Officials at FINRA, Washington, give that advice in FINRA Regulatory Notice 07-36.
The new notice is a sequel to a notice FINRA issued in February. In the earlier notice, FINRA officials write about the importance of financial services companies keeping close tabs on registered representatives who have been hired away from competitors.
A rep’s new company must work to prevent the rep from replacing customers’ mutual funds, variable annuities and variable life insurance policies simply because the funds and variable products were issued by the rep’s old company, FINRA officials write in FINRA Notice To Members 07-06.
FINRA is the self-regulatory group formed when the National Association of Securities Dealers, Washington, merged with the compliance arm of the New York Stock Exchange.
When a rep shifts from one company to another, the rep might have trouble servicing the old products and also might have trouble collecting trail commissions from the old company.
In that case, reps “may be tempted to recommend to customers that they replace their existing mutual funds or variable products with other investments, without adequately considering the customer’s best interests and the suitability for the customer of those recommendations,” FINRA officials write.

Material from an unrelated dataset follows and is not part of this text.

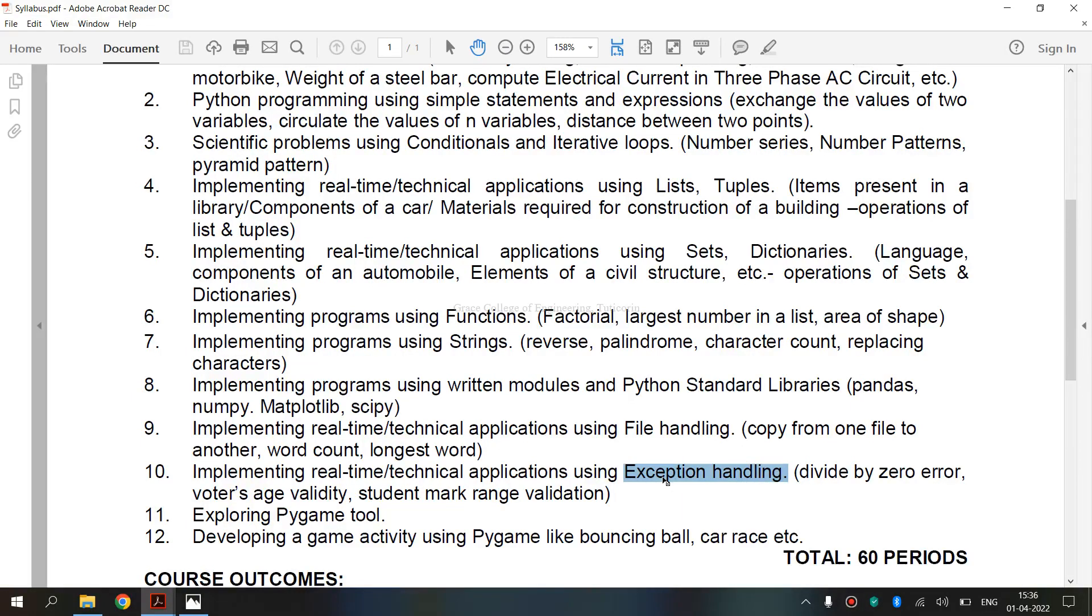The critical operation which can raise an exception is placed inside try clause. The code that handles the exception is written in except clause. It can choose what operations to perform once it has caught the exception.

Because of that temptation, financial services companies must have procedures in place to review new reps’ mutual fund and variable product investment recommendations, officials write.
“Some firms have questioned the scope of the due diligence described in the [notice to members], and have specifically asked whether any such due diligence procedures may conflict with a firm’s obligations under” U.S. Securities and Exchange Commission privacy regulations, officials write.
In NTM 07-06, FINRA was not recommending that a company get nonpublic personal information about any customers a registered rep might bring to the new company, FINRA officials write.
“The new firm needs to learn only the identity of the various mutual fund and variable products held by the registered representative’s customer base,” officials write. “Detailed, nonpublic, personal information about individual customers and their particular investments is not necessary or relevant to meet the objectives of this review.”